_Task details_
The answer should be every line below, repeated exactly, with the images left out.

_Input data_
# # # # #
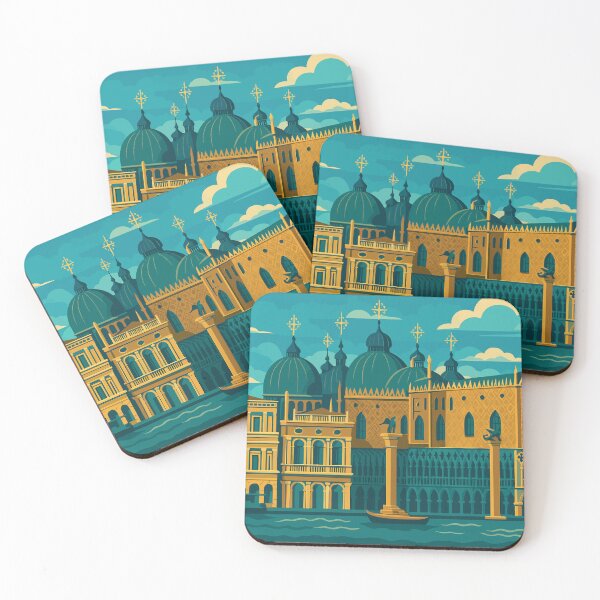 Item preview, Venice Landmarks - Grand Canal & Historic Architecture Illustration designed and sold by darekkocurek.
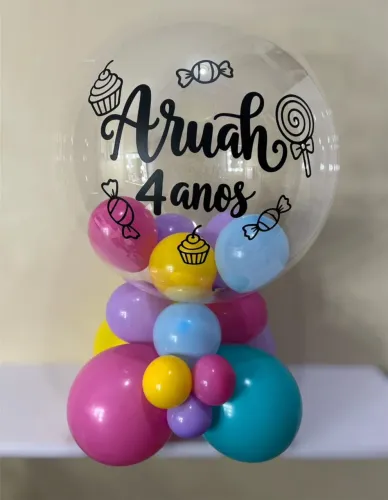 Trabalhamos com balões personalizados, kits festa na mesa, balão cake, balão Bubu.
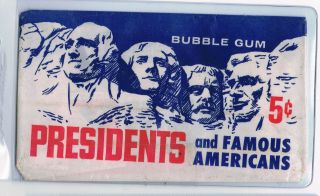 1965 Topps Presidents And Famous Americans Tall Non - Sport Card Wrapper Nm Rare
# # # # #
_Answer for the task_
 Item preview, Venice Landmarks - Grand Canal & Historic Architecture Illustration designed and sold by darekkocurek.
 Trabalhamos com balões personalizados, kits festa na mesa, balão cake, balão Bubu.
 1965 Topps Presidents And Famous Americans Tall Non - Sport Card Wrapper Nm Rare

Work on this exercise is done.